Il est difficilement accessible, même par temps calme.

Il fallait protéger les canonniers des boulets, par des voutes de plus de 2 m d'épaisseur, assurer la ventilation des salles de tir, et pouvoir disposer d'une large autonomie en munitions et en vivres, car il n'y avait pas de possibilité de porter secours à une garnison en cas d'encerclement.
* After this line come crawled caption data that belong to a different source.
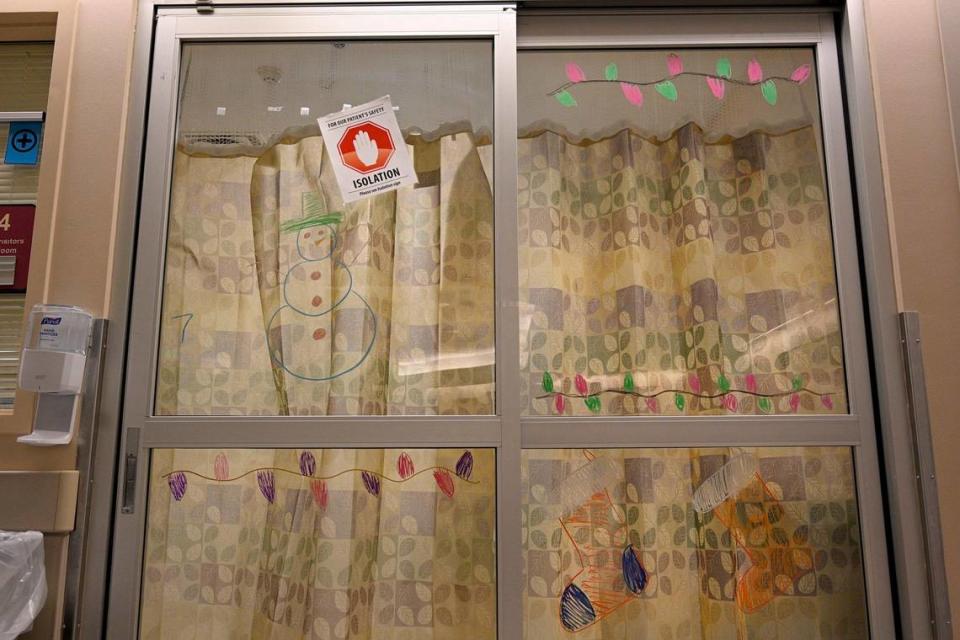 To bring a bit of joy to the COVID ICU unit, University Health nurses decorated patients’ doors for the holidays. Some of the drawings are still there.
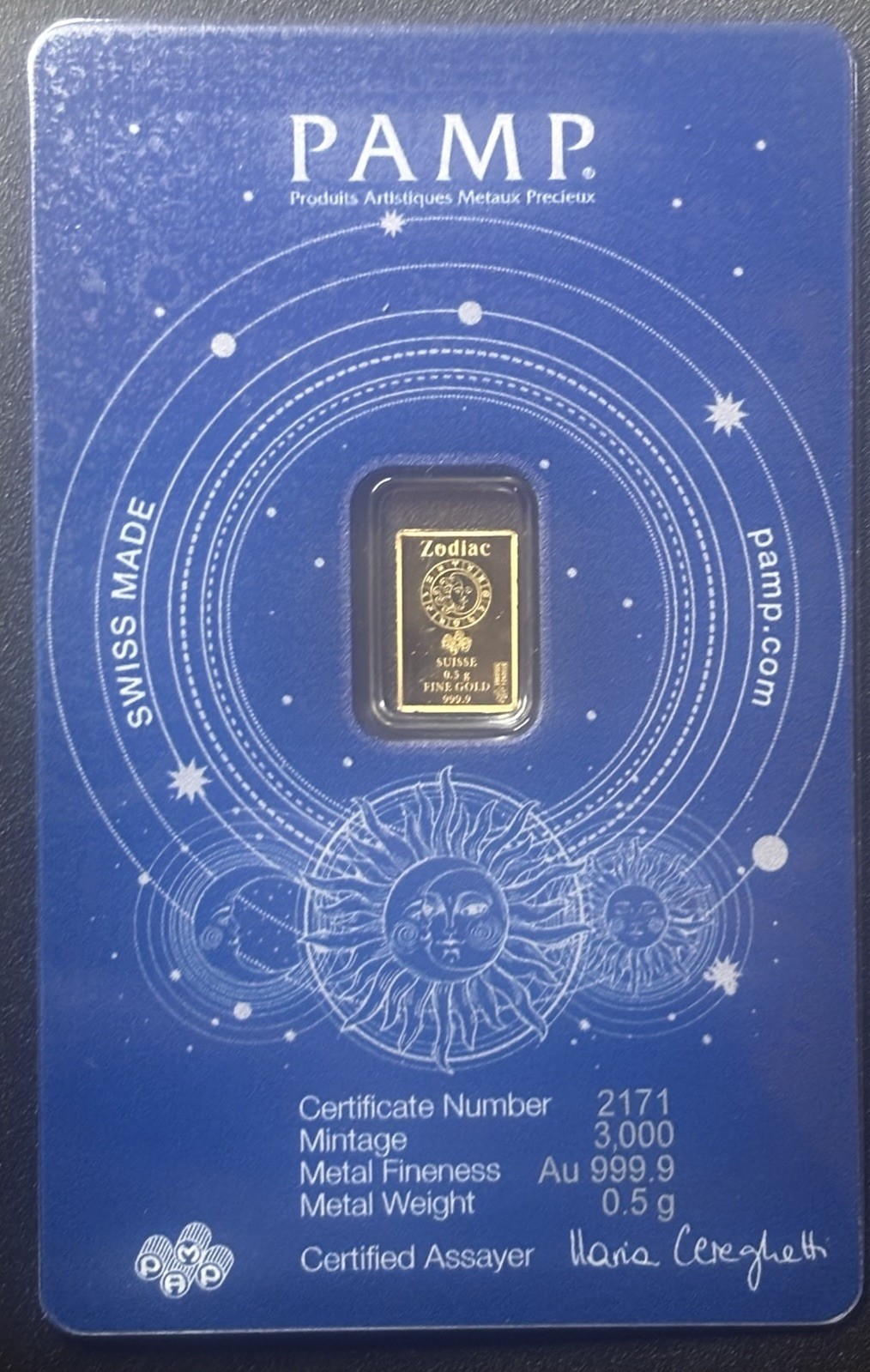 Pamp Suisse Zodiacs 0.5g Gold Bar in Assay Card – Capricorn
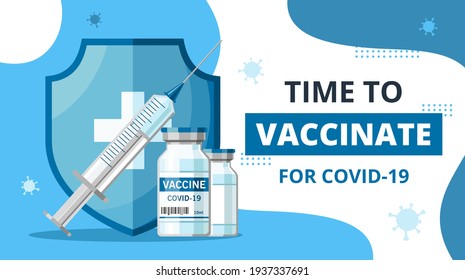 Time to vaccinate.Bottle and syringe with vaccine injection from covid-19 virus.Medical treatment and healthcare.Antiviral vaccination concept for web design, banner, poster.Stop pandemic coronavirus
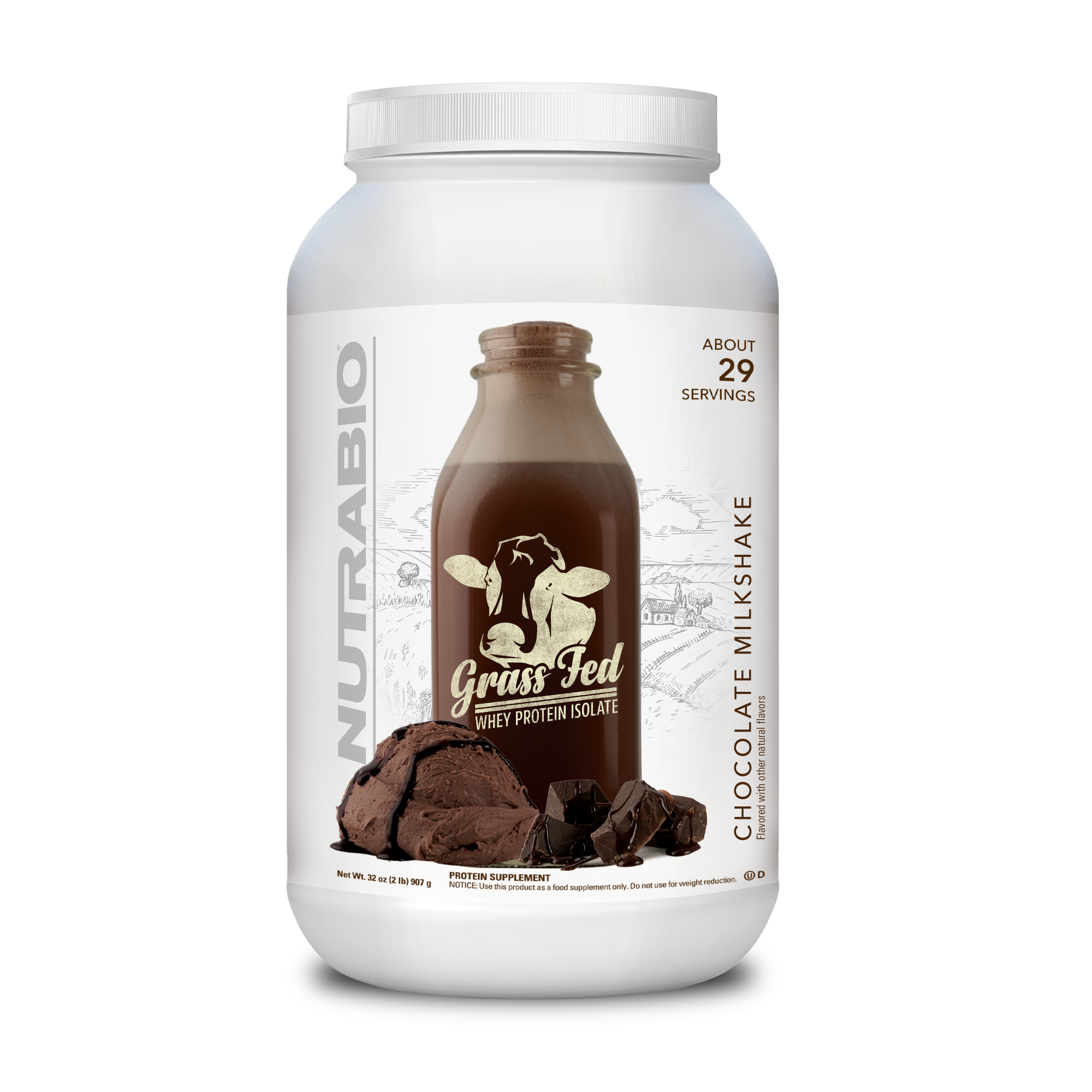 Grass Fed Whey Protein Isolate Powder (Chocolate)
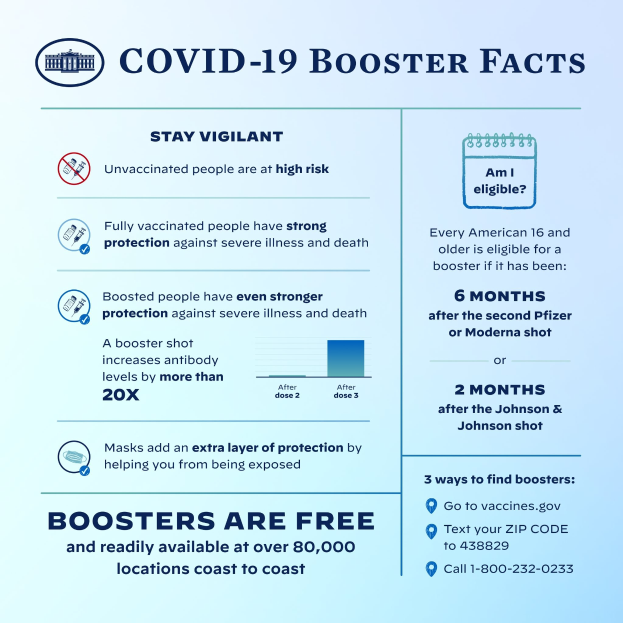 Plakat mit Text und Bildern, das Covid-19-Booster-Fakten bereitstellt, einschließlich Fallzahlen, Virusart, Risiken und einer Grafik einer Person mit Mund-Nasen-Schutz.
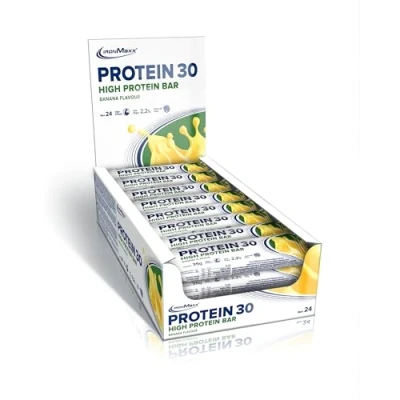 Obrázek IronMaxx Protein 30 proteinových tyčinek banán 24 x 35 g proteinové tyčinky bez palmového oleje s vitamíny vhodné pro stravu nízkým obsahem cukru a nízkosacharidovou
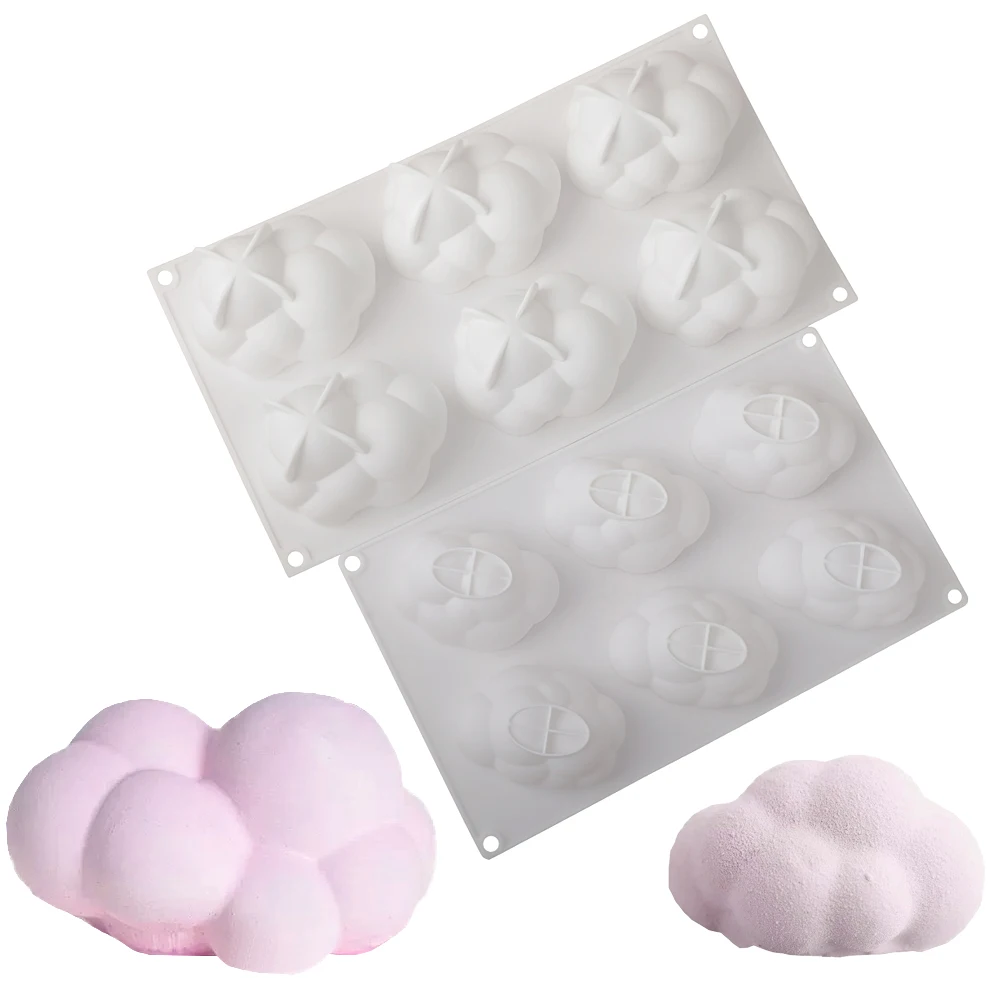 6 Cells Three Dimensional Cloud Design Mousse Cake Mold Silicone Cake Mould Kitchen Chocolate Mold French Dessert Baking Mold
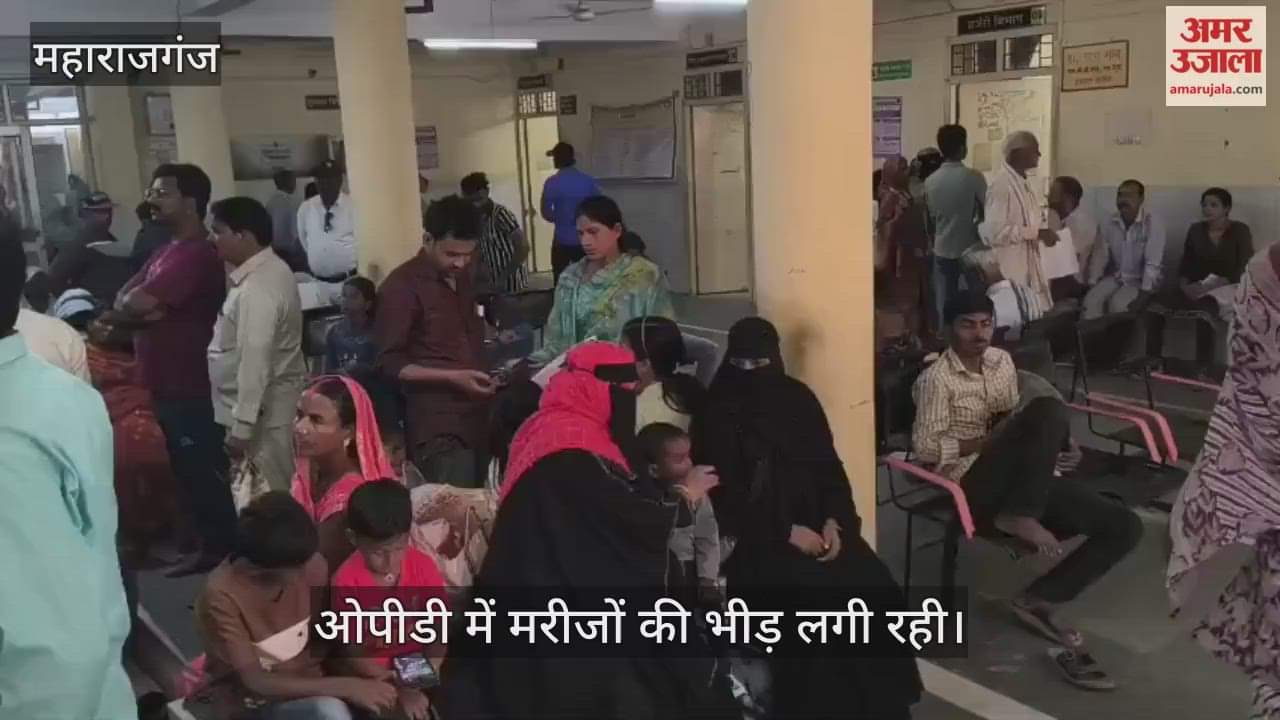 Crowd of patients in the district hospital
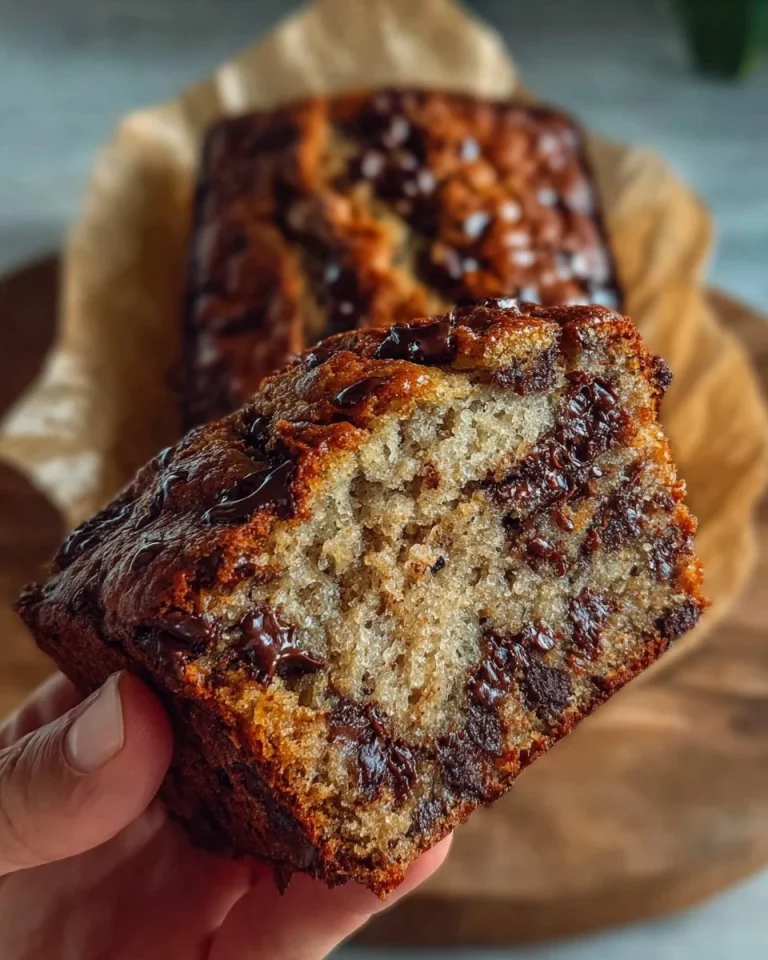 Slice of gluten-free protein banana bread with banana slices on top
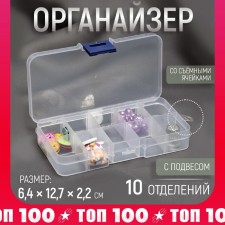 Organizer for decor, with removable cells, with a suspension, 10 departments, 13 × 6.6 × 2.2 cm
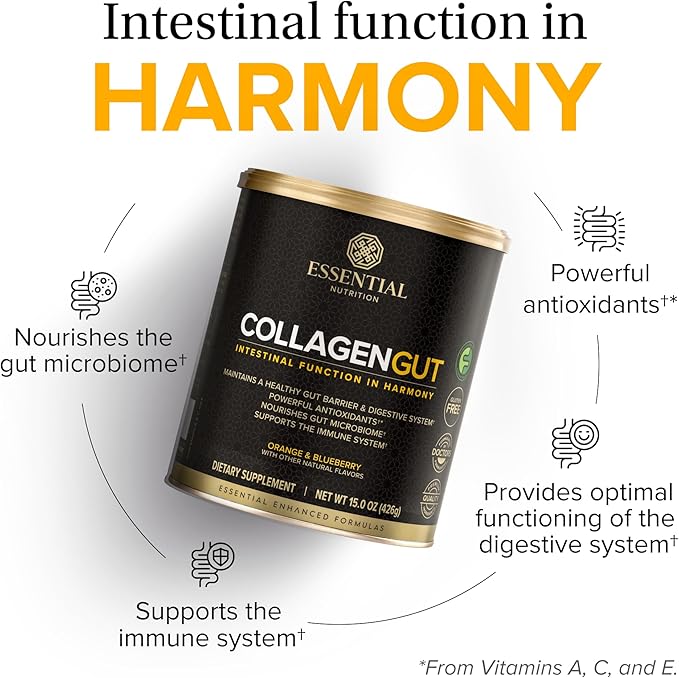 Essential Nutrition - Collagen Gut - Collagen Peptides Powder - Gut health supplement Immunity - Prebiotic Fiber, Turmeric Extract, FODMAP Friendly, Sugar-Free - Orange & Blueberry- 15oz (20 Servings)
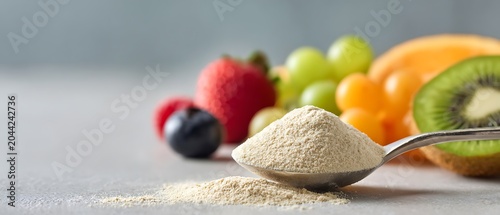 Spoonful of collagen or protein supplement powder with fresh mix fruits on grey background.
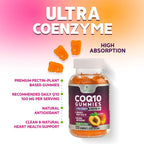 CoQ10 Gummies 100mg Per Serving - 3X Strength, High Absorption, Antioxidant Supplement for Heart Health Support & Energy Production, Ultra Coenzyme Q10 Vitamins, Coq 10 Supplements - 120 Gummies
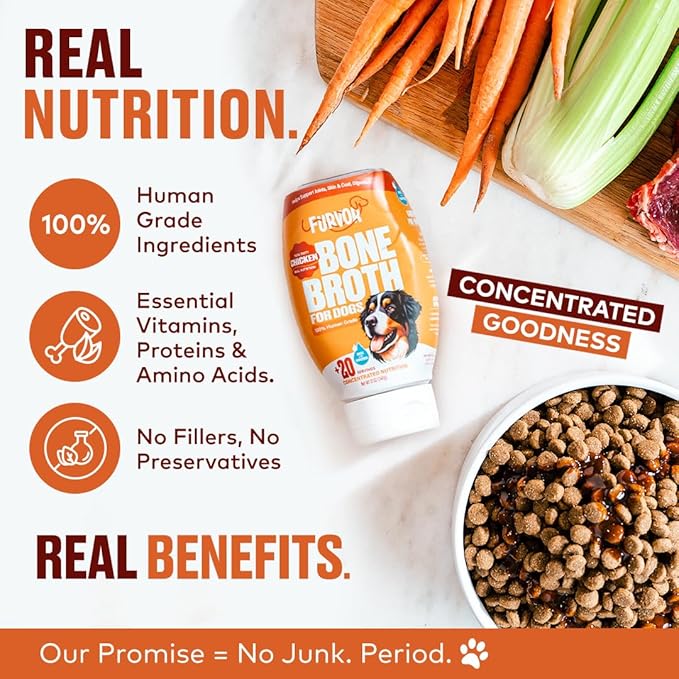 Chicken Bone Broth Concentrate for Dogs - Collagen Protein Supplement for Digestion, Mobility, Coat, Immune System, Joints - Healthy Dog Food Topper - Human Grade, Made in USA (12 oz, 20 Servings)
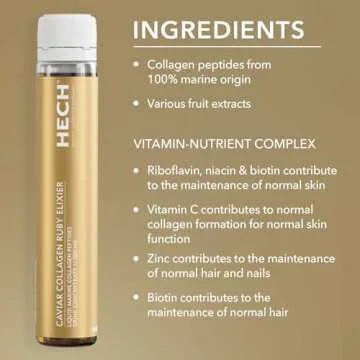 HECH Caviar Collagen Ruby Elixier - Beauty Supplement with 11,000 mg Marine and Caviar Collagen Peptides, Polyphenols and Complex of 9 bioactive Vita-Mineral Nutrients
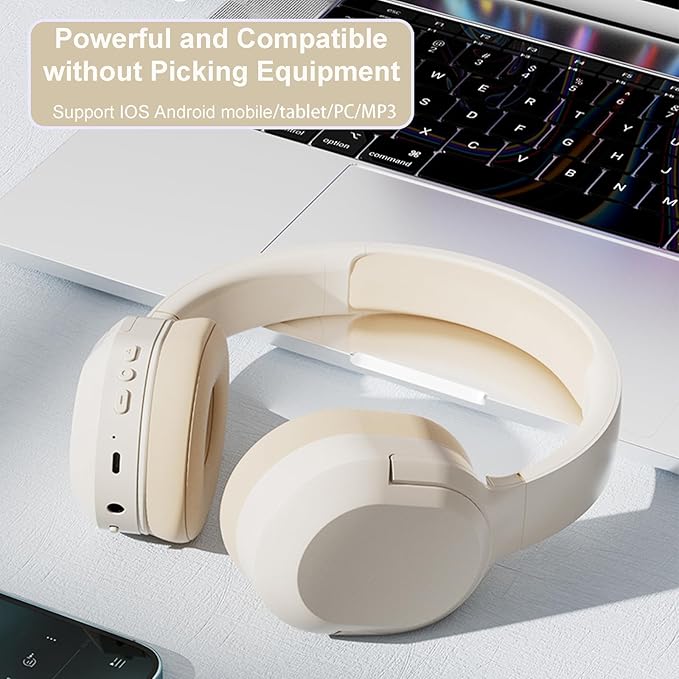 Wireless Active Noise Cancelling Headphones, Comfortable Protein Ear Pads, Built-in Mic, 30H Playtime, Deep Bass, Bluetooth 5.3, Over Ear Lightweight Headset for Travel, Home, Office (White)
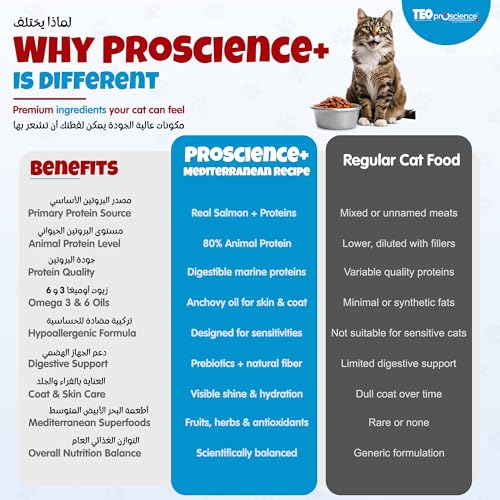 Teo Premium Proscience Salmon Adult Cat Food 1.5KGX6 Packs Total 9KG Premium Hypoallergenic Formula with 82% Animal Protein, Hairball Control, Omega 3 & 6, Mediterranean Fruits, Taurine & Prebiotics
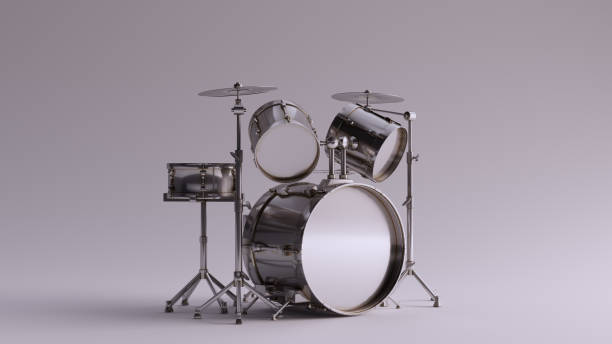 kit de tambor de plata - baterias musicales fotografías e imágenes de stock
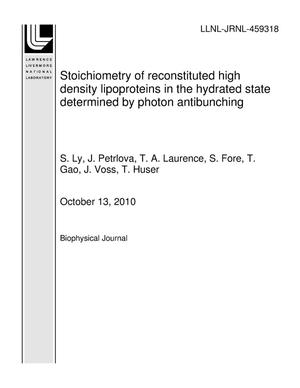 Stoichiometry of reconstituted high density lipoproteins in the hydrated state determined by photon antibunching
Voir ici.

En 1695 une partie des souterrains est achevée et le fort est armé.

Les magnifiques souterrains



Voir ici pour l'historique et les plans du Fort.

Vauban est enthousiaste :

"La Conchée sera ci-après la meilleure forteresse du Royaume, la plus petite et la mieux entendue, comme elle aura été la plus difficile à bâtir, car jamais ouvrage ne le fut autant."

Le seul et unique combat du Fort de la Conchée eut lieu le 14 Juillet 1695 : la flotte anglaise (30 navires, 80 canons,...) subit de lourdes pertes (environ 500 hommes) et finit par lever l'ancre.


Occupés par les Allemands au cours de la Seconde Guerre Mondiale, ces forts furent endommagés par les bombardements américains lors de la libération de Saint-Malo en Août 1944, puis laissés à l'abandon durant de longues années.

Le Fort de la Conchée, à l'abandon en 1988

Ces quatre bastions, implantés sur des ilots rocheux,  doivent aujourd'hui leur survie à des particuliers passionnés de patrimoine, qui ont investi de leur temps et de leur argent depuis des années dans leur restauration.

En 1988 des passionnés d'aventures maritimes et de vieilles pierres ont créé la "Compagnie du Fort de la Conchée" (Voir ici) qui a obtenu à ce jour, à force d'efforts et de ténacité, des résultats édifiants : 80% de la restauration a été réalisée.

Vue aérienne du Fort de la Conchée
après 80% de sa restauration
Les travaux continuent, avec livraison des matériaux par hélicoptère.
Le fort devrait retrouver, si tout va bien, son allure d'origine ... vers 2035.

Le Fort est une propriété privée.

Voir ici pour un survol du Fort de la Conchée et ici pour une visite virtuelle de ce Fort... désormais possible quelle que soit l'état de la mer!